EXERCISE:
Every line from the line containing "Chapter 20 Biotechnology" through the end of the data is to be reproduced exactly, excluding pictures.

INFORMATION PROVIDED:
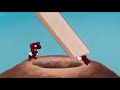 حلقات مجمعه من كرتون بطوط 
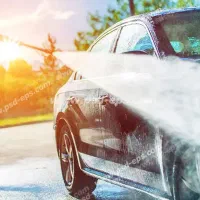 نیروی کار در کارواش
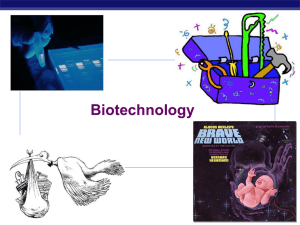 Chapter 20 Biotechnology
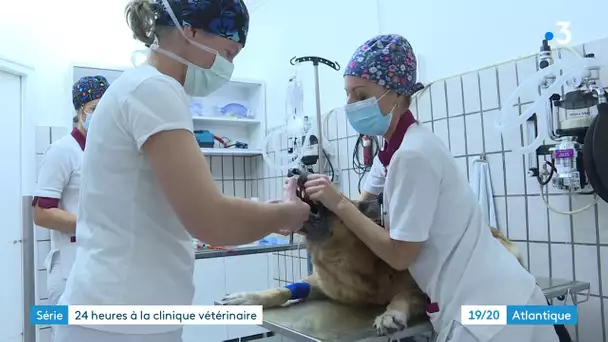 Série "Coulisses d'une clinique vétérinaire à La Rochelle" (n°3) : assistante vétérinaire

SOLUTION TO THE PROBLEM:
 Chapter 20 Biotechnology
 Série "Coulisses d'une clinique vétérinaire à La Rochelle" (n°3) : assistante vétérinaire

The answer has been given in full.